Science and Technology

## Magnetic Fields and Magnetic Field Lines

Tác giả: OpenStaxCollege

Einstein is said to have been fascinated by a compass as a child, perhaps musing on how the needle felt a force without direct physical contact. His ability to think deeply and clearly about action at a distance, particularly for gravitational, electric, and magnetic forces, later enabled him to create his revolutionary theory of relativity. Since magnetic forces act at a distance, we define a magnetic field to represent magnetic forces. The pictorial representation of magnetic field lines is very useful in visualizing the strength and direction of the magnetic field. As shown in [link], the direction of magnetic field lines is defined to be the direction in which the north end of a compass needle points. The magnetic field is traditionally called the B-field.

Small compasses used to test a magnetic field will not disturb it. (This is analogous to the way we tested electric fields with a small test charge. In both cases, the fields represent only the object creating them and not the probe testing them.) [link] shows how the magnetic field appears for a current loop and a long straight wire, as could be explored with small compasses. A small compass placed in these fields will align itself parallel to the field line at its location, with its north pole pointing in the direction of B. Note the symbols used for field into and out of the paper.

Extensive exploration of magnetic fields has revealed a number of hard-and-fast rules. We use magnetic field lines to represent the field (the lines are a pictorial tool, not a physical entity in and of themselves). The properties of magnetic field lines can be summarized by these rules:

1. The direction of the magnetic field is tangent to the field line at any point in space. A small compass will point in the direction of the field line.
2. The strength of the field is proportional to the closeness of the lines. It is exactly proportional to the number of lines per unit area perpendicular to the lines (called the areal density).
3. Magnetic field lines can never cross, meaning that the field is unique at any point in space.
4. Magnetic field lines are continuous, forming closed loops without beginning or end.

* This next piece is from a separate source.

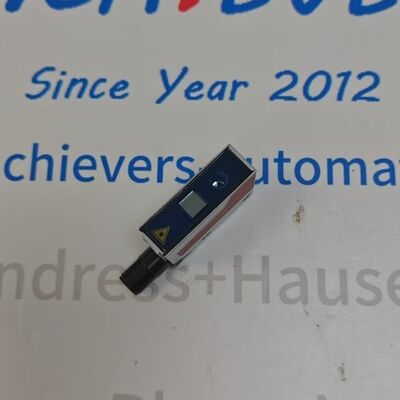 Leuze ODSL 8C66‑500‑S12 Optical Laser Distance Sensor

They go from the north pole to the south pole.

The last property is related to the fact that the north and south poles cannot be separated. It is a distinct difference from electric field lines, which begin and end on the positive and negative charges. If magnetic monopoles existed, then magnetic field lines would begin and end on them.

# Section Summary

• Magnetic fields can be pictorially represented by magnetic field lines, the properties of which are as follows:
1. The field is tangent to the magnetic field line.
2. Field strength is proportional to the line density.
3. Field lines cannot cross.
4. Field lines are continuous loops.

# Conceptual Questions

Explain why the magnetic field would not be unique (that is, not have a single value) at a point in space where magnetic field lines might cross. (Consider the direction of the field at such a point.)

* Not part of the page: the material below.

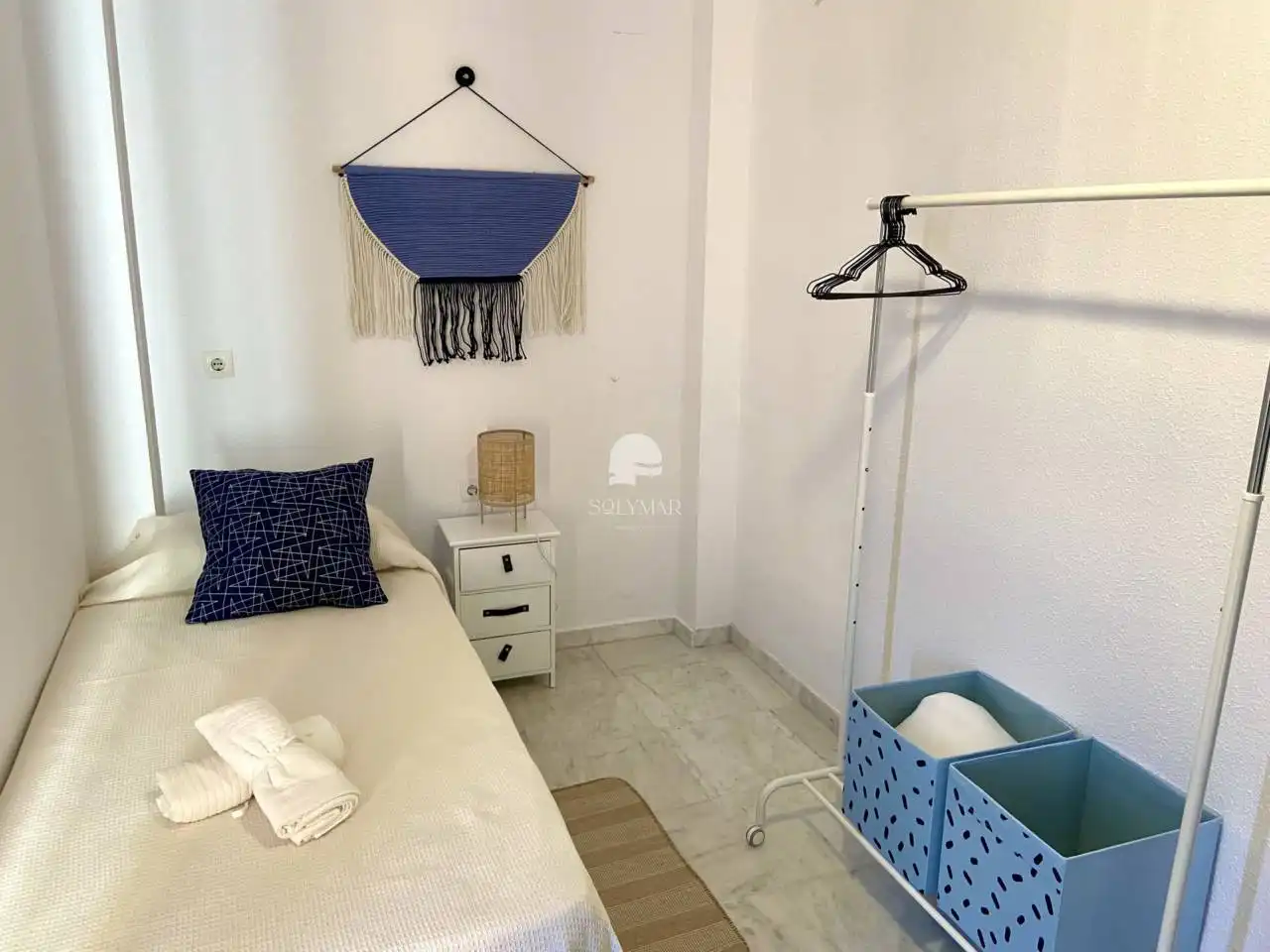Dormitori de Àtic de lloguer en Torrox amb Terrassa i Moblat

List the ways in which magnetic field lines and electric field lines are similar. For example, the field direction is tangent to the line at any point in space. Also list the ways in which they differ. For example, electric force is parallel to electric field lines, whereas magnetic force on moving charges is perpendicular to magnetic field lines.

Noting that the magnetic field lines of a bar magnet resemble the electric field lines of a pair of equal and opposite charges, do you expect the magnetic field to rapidly decrease in strength with distance from the magnet? Is this consistent with your experience with magnets?

Is the Earth’s magnetic field parallel to the ground at all locations? If not, where is it parallel to the surface? Is its strength the same at all locations? If not, where is it greatest?